# What to do
Without the pictures, output all of the data exactly.

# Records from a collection
※ ※ ※

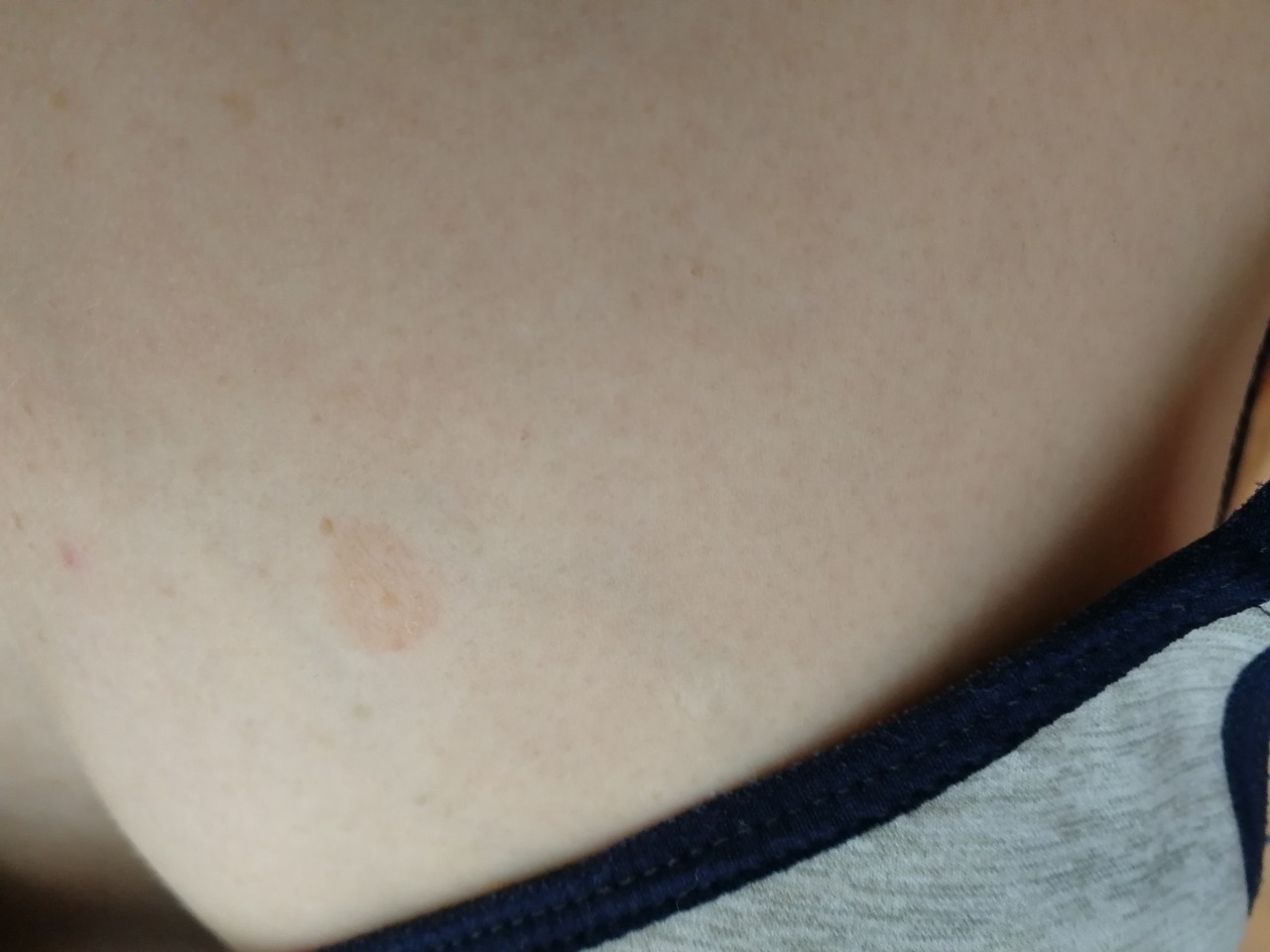 белые пятна на груди у женщин фото 2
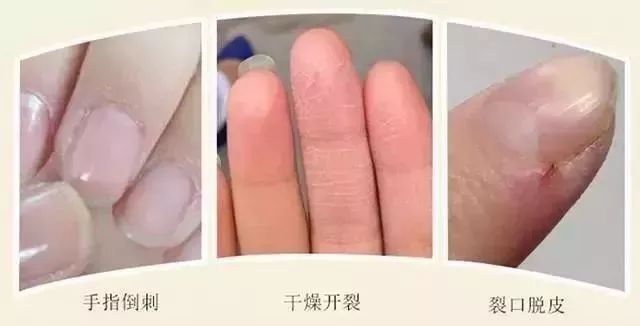 手足脱皮脚后跟干裂修复膏,奇迹第十代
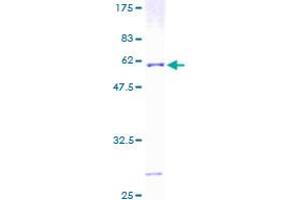 ATP6V1E1 Protein (AA 1-226) (GST tag)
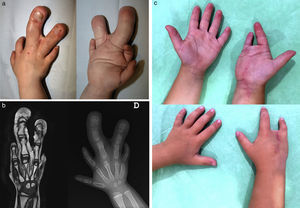 a) Macrodactilia por hamartoma lipofibromatoso. b) Imagen radiológica y resonancia magnética. c) Resultados a los 2 años de evolución.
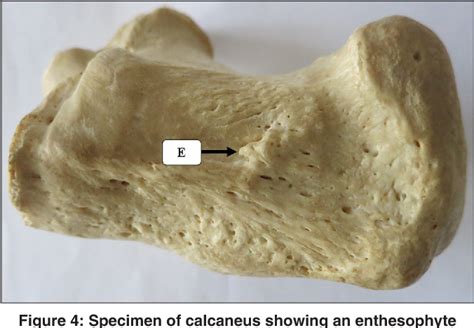 Figure 4 from Enthesophytes and Tubercles of the Calcaneum: An Anatomical and Clinical ...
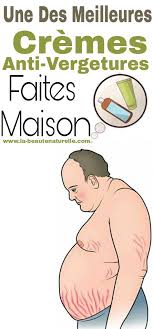 Une Des Meilleures Cremes Anti Vergetures Faites Maison Creme Anti Vergeture Anti Vergeture Vergetures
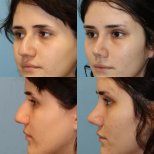 Before and after rhinoplasty results at Memorial Şişli Hospital, nose reshaping procedure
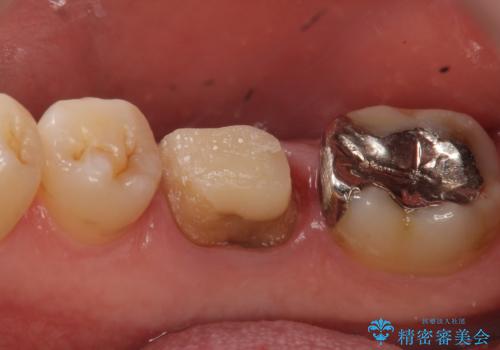 オールセラミッククラウン　歯茎から膿が出る歯の治療の治療中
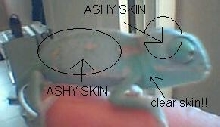 dry skin problem???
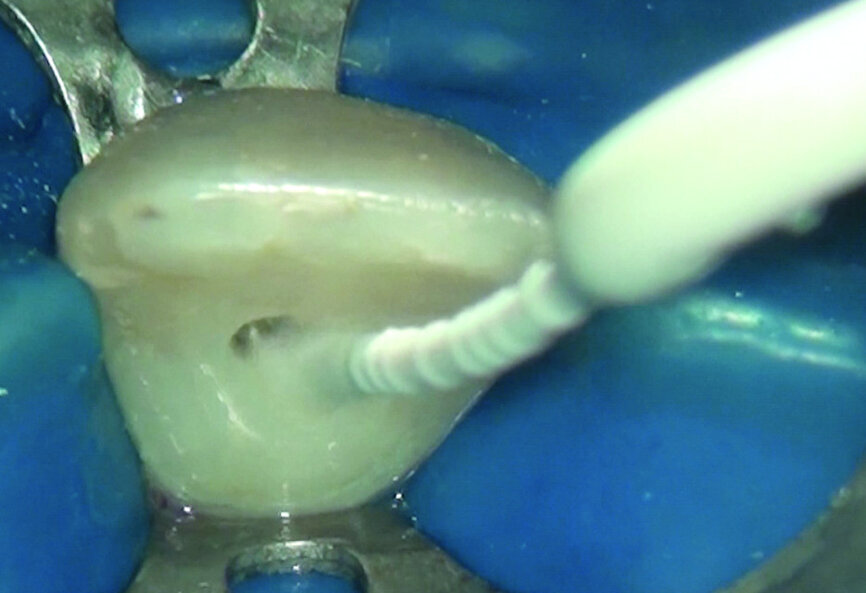 Fig.4: EDDY in action.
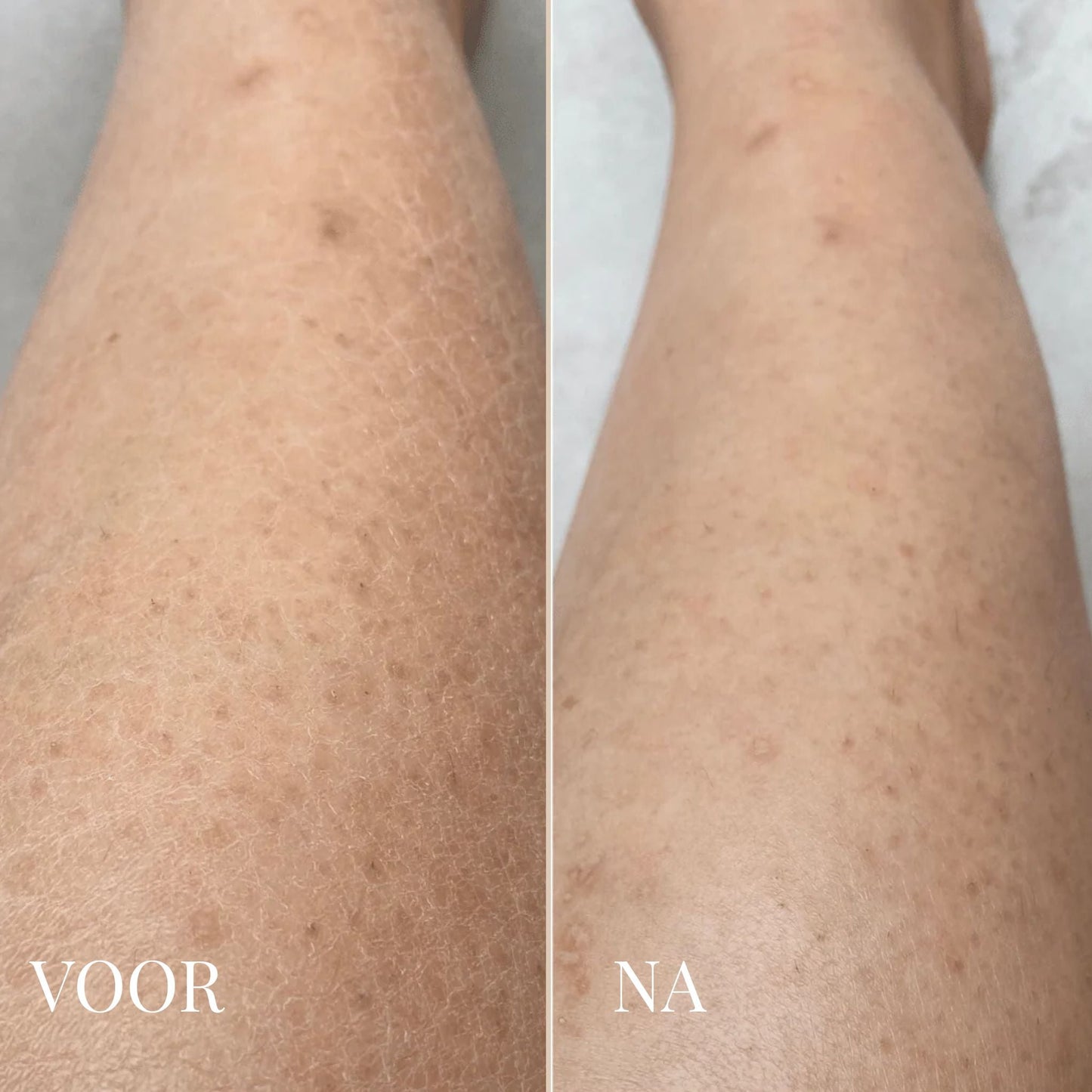 Dr. Melaxin Lichaamspeeling Spray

※ ※ ※

# Solution for this problem
 белые пятна на груди у женщин фото 2
 手足脱皮脚后跟干裂修复膏,奇迹第十代
 ATP6V1E1 Protein (AA 1-226) (GST tag)
 a) Macrodactilia por hamartoma lipofibromatoso. b) Imagen radiológica y resonancia magnética. c) Resultados a los 2 años de evolución.
 Figure 4 from Enthesophytes and Tubercles of the Calcaneum: An Anatomical and Clinical ...
 Une Des Meilleures Cremes Anti Vergetures Faites Maison Creme Anti Vergeture Anti Vergeture Vergetures
 Before and after rhinoplasty results at Memorial Şişli Hospital, nose reshaping procedure
 オールセラミッククラウン　歯茎から膿が出る歯の治療の治療中
 dry skin problem???
 Fig.4: EDDY in action.
 Dr. Melaxin Lichaamspeeling Spray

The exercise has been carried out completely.